Будучи выражением внешней свободы, первоначальное право есть абсолютное право лица быть причиною во внешнем мире579. В этом заключается основание собственности. Источником ее следует считать не занятие и не формирование или труд, а то и другое в совокупности, именно подчинение природы целям человека. Так как эти цели идут на будущее, то и подчинение должно быть постоянное. Для беспрепятственного действия во внешнем мире человек имеет право требовать, чтобы среда, в которой он действует, оставалась такою, какою он ее узнал или устроил. Корень всякого права есть, следовательно, свобода воли, ибо право быть свободною причиною своих действий и понятие о свободной воле — одно и то же. Те, которые отвергают свободу воли, должны поэтому отвергать и понятие о праве580.

Но для того чтобы свобода сделалась настоящим правом, она должна быть признана другими. Внешняя деятельность одного лица приходит в столкновение с внешнею деятельностью других; является необходимость взаимного ограничения свободы. Как же происходит это ограничение? Юридический закон говорит только, что свобода каждого должна быть ограничена, но он не говорит насколько. Это может быть определено лишь взаимным соглашением. Каждый должен объявить свое владение, а другие должны признать это объявление. Через это проблематическое прежде право становится действительным; владение превращается в настоящую собственность581.

Может, однако, случиться, что два лица объявят притязание на одну и ту же вещь. Так как право обоих одинаково, а над ними нет высшего судьи, решающего спор, то последствием этих обоюдных притязаний может быть только бесконечная распря или война. Но война есть господство бесправия; из этого состояния необходимо выйти. Надобно или согласиться во что бы ни стало, или искать высшего судьи, которого решение было бы обязательно для обоих. Каждый в силу юридического закона имеет право принудить другого избрать тот или другой исход582.
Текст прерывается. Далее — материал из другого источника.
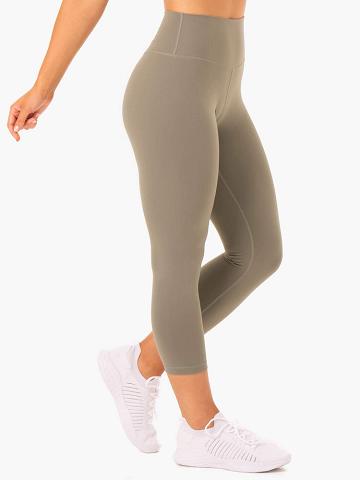 Ryderwear Women Leggings Base 7/8 High Waisted Women's Leggings Khaki | CA2424YU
Однако даже и в случае соглашения право все-таки остается неверным. Исполнение договора зависит от совести каждого; следовательно, тут все основано на взаимном доверии, а доверия невозможно требовать или вынуждать. Как скоро оно потеряно, так весь договор рушится сам собою, ибо неизвестно, будет ли он соблюдаться впредь. Чтобы дать силу соглашению, необходима, следовательно, уверенность, что оно будет исполняться, т. е. необходимо обеспегение права на будущее время. Это обеспечение может состоять лишь в таком установлении, которое независимо от воли обеих сторон, как бы силою механической необходимости, ограждало бы права той и другой, обращая нарушение закона против самого нарушителя583. Что же это за установление?

Очевидно, что если решение распрей должно быть независимо от спорящих сторон, то последние должны подчинить свою волю третьему, и притом сильнейшему, нежели тот и другой. Но сильнее отдельных лиц могут быть только многие. Следовательно, вступающие в юридические отношения друг к другу должны присоединиться к какому-нибудь человеческому обществу, высшему решению которого должны подчиняться их требования и споры. Это подчинение должно быть всецелое, безусловное, иначе каждый опять остается судьею своего права. Но, с другой стороны, единственная цель подчинения заключается в охранении прав договаривающихся лиц; следовательно, свобода каждого должна оставаться неприкосновенною. Эти два противоречащие требования могут быть соглашены единственно в том случае, если каждый добровольно признает над собою установленный в обществе закон. Таким образом, подчиняясь общей воле, он подчиняется только своей собственной, неизменной воле, какова она должна необходимо быть, если он поступает справедливо. Наоборот, если закон справедлив, то всеобщее признание необходимо должно последовать, ибо это единственное, на чем все могут сойтись. Всякий хочет, чтобы права его были обеспечены, а потому всякий соглашается на всеобщее обеспечение прав. Несправедливое же постановление может удовлетворить только некоторых, в ущерб другим. Поэтому тут невозможно единомыслие: несправедливая воля всегда есть частная воля, а не общая584.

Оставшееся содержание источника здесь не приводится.